Task instructions:
In the listing below, find the line with "Building Photo - 2123 SW McKinley Ave" and the line with "Miles Davis – Sorcerer (VINYL / USED)", then return them and every line between them exactly, minus the pictures.

Provided material:
────────────────────────────────────────

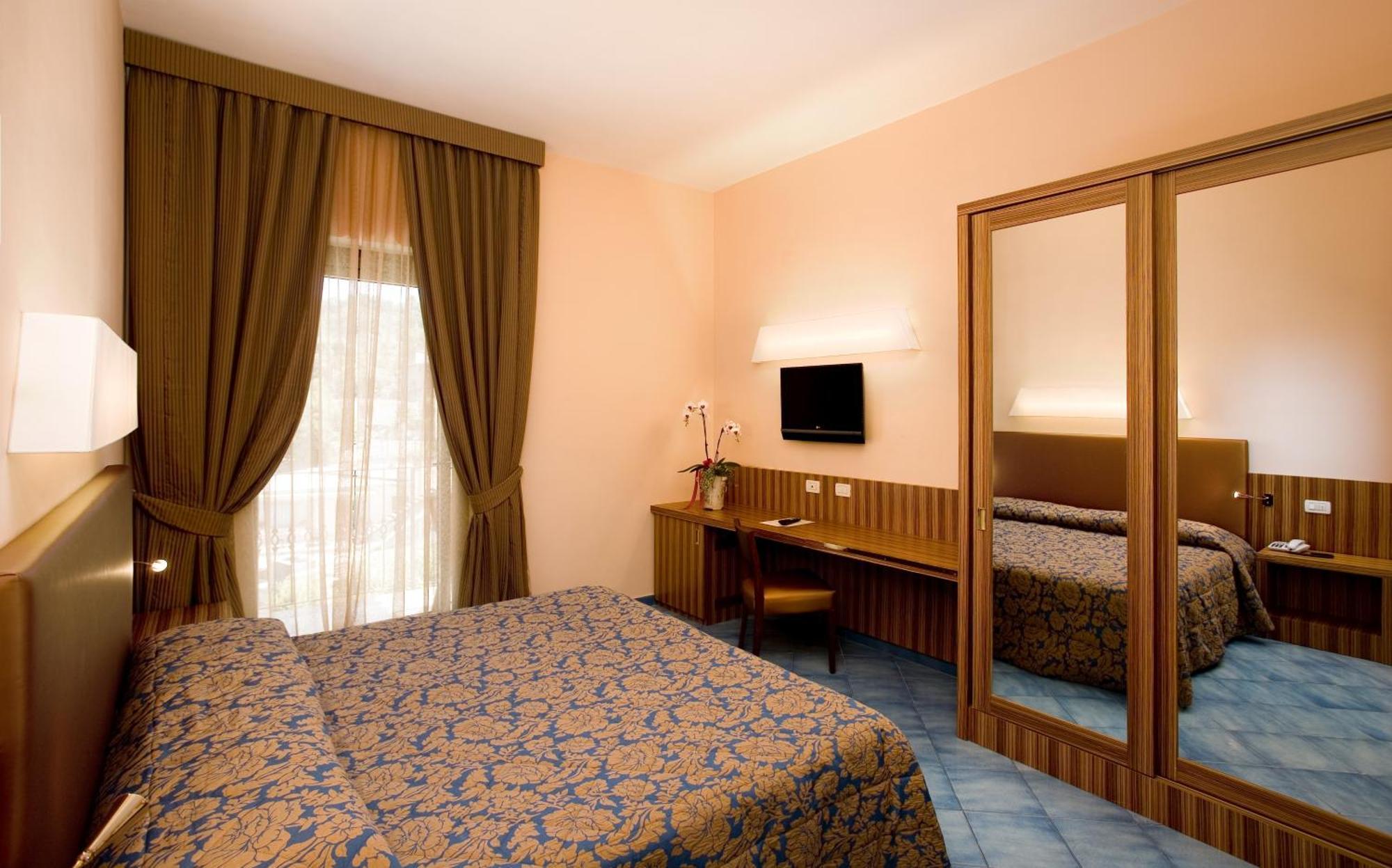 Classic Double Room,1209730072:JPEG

────────────────────────────────────────

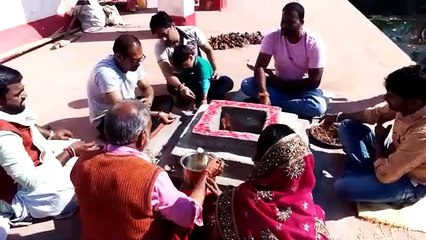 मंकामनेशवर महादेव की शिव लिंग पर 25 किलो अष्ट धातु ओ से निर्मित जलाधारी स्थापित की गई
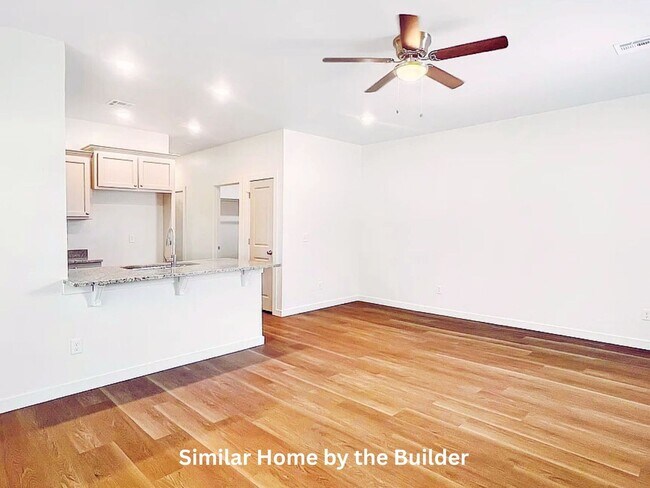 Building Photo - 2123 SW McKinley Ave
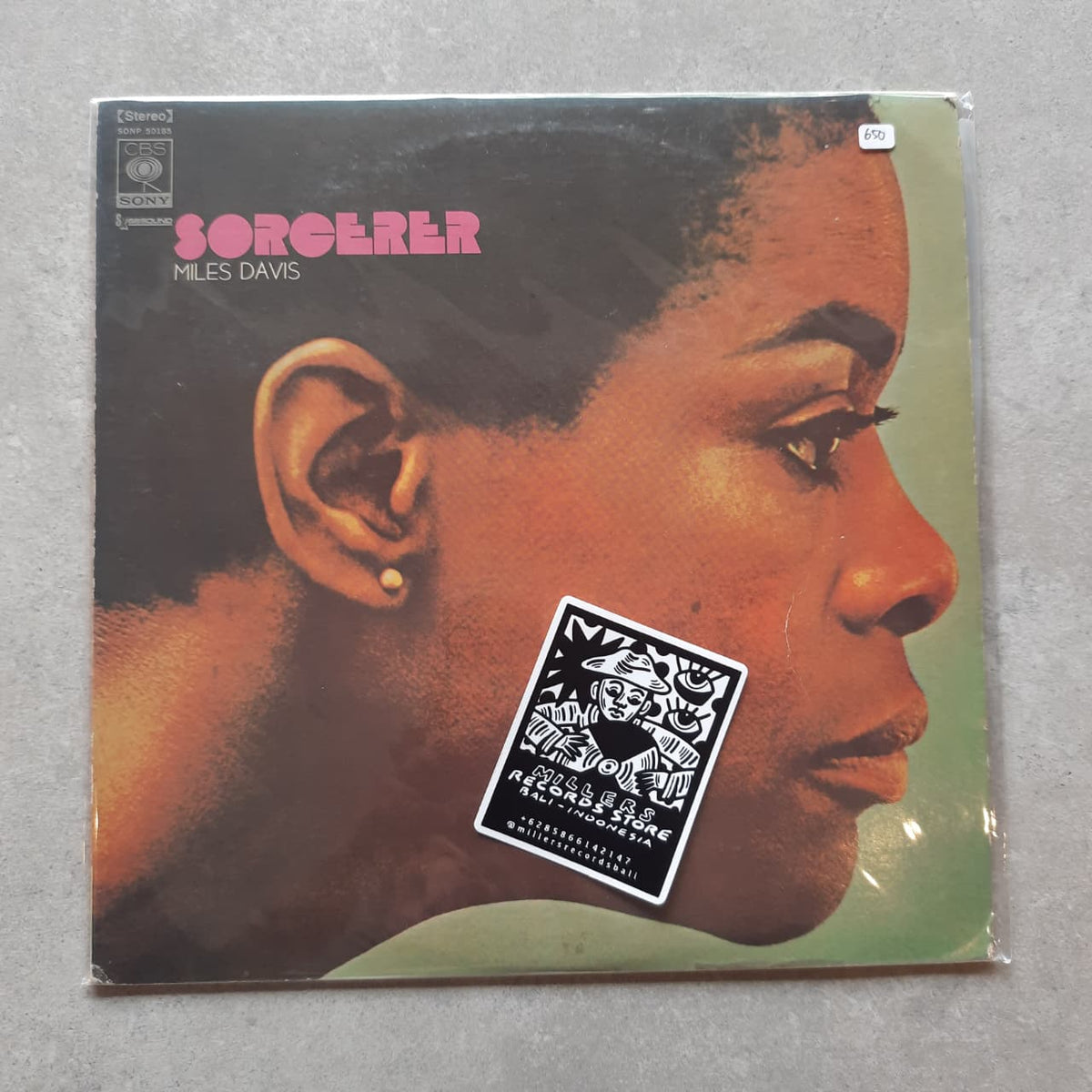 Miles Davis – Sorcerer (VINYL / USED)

────────────────────────────────────────

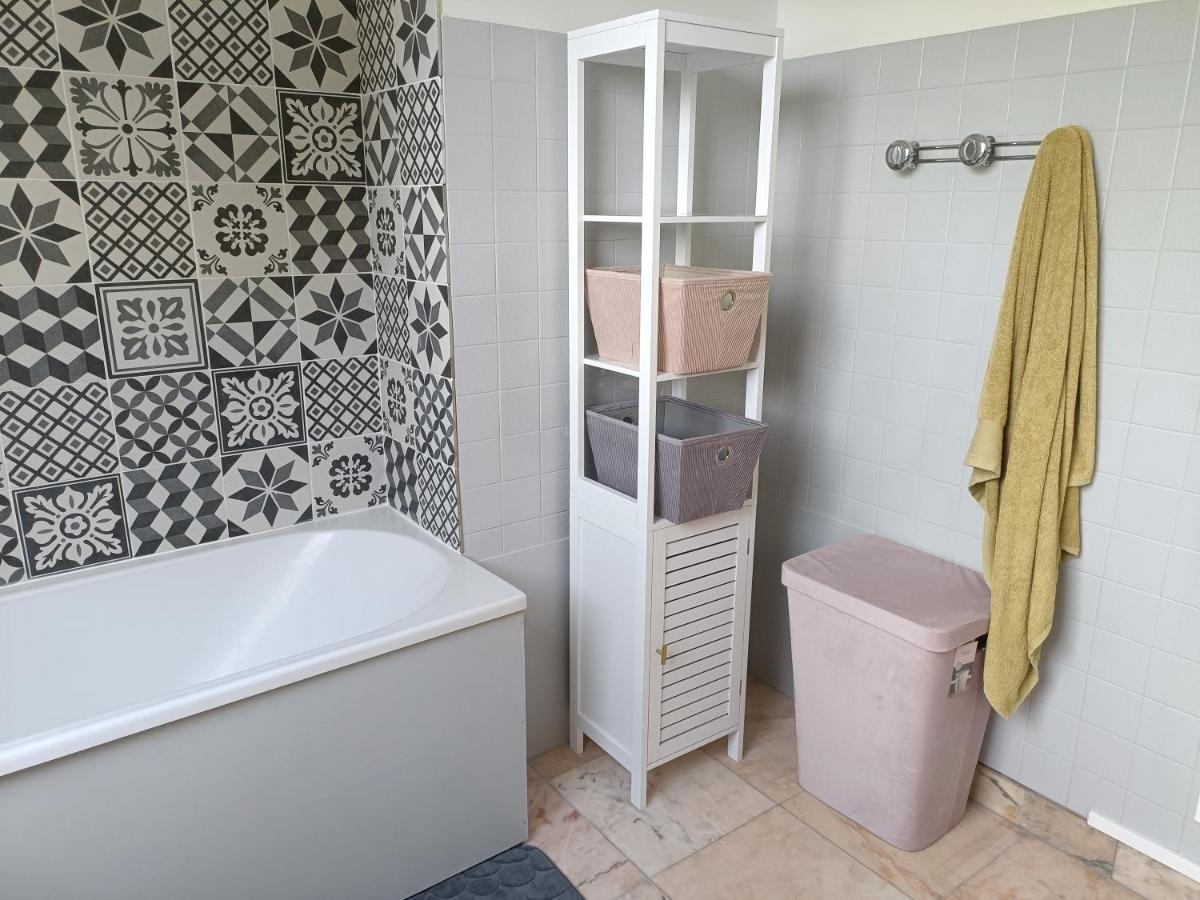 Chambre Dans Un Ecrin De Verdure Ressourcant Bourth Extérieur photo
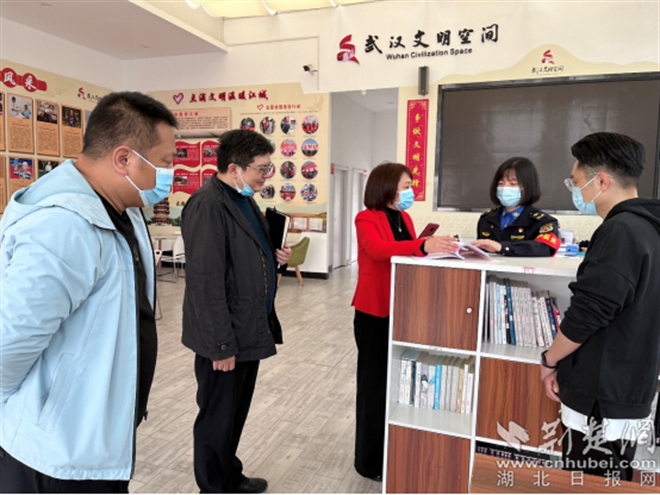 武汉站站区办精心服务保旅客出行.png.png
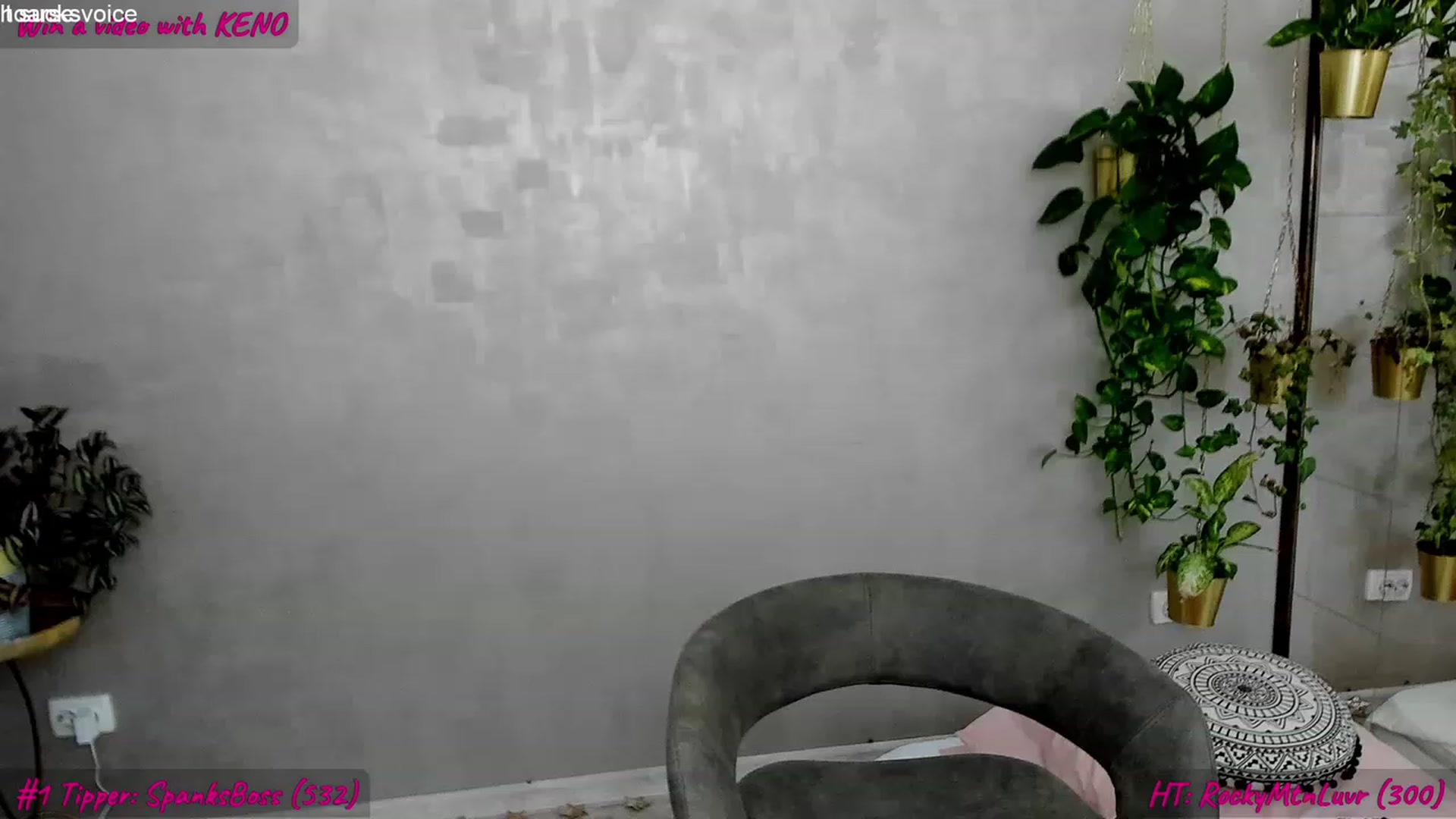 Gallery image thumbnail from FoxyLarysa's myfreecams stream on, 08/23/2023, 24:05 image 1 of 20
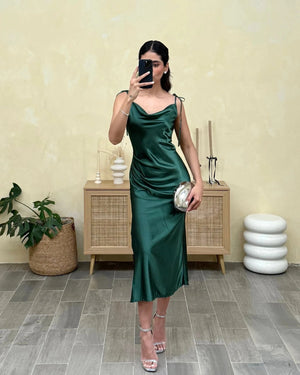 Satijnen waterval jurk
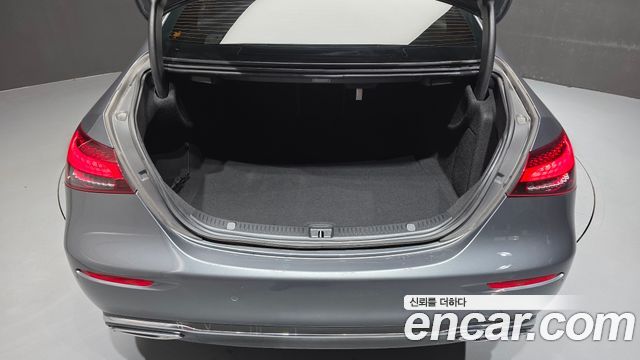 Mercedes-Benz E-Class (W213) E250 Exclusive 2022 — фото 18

────────────────────────────────────────

Answer section:
 Building Photo - 2123 SW McKinley Ave
 Miles Davis – Sorcerer (VINYL / USED)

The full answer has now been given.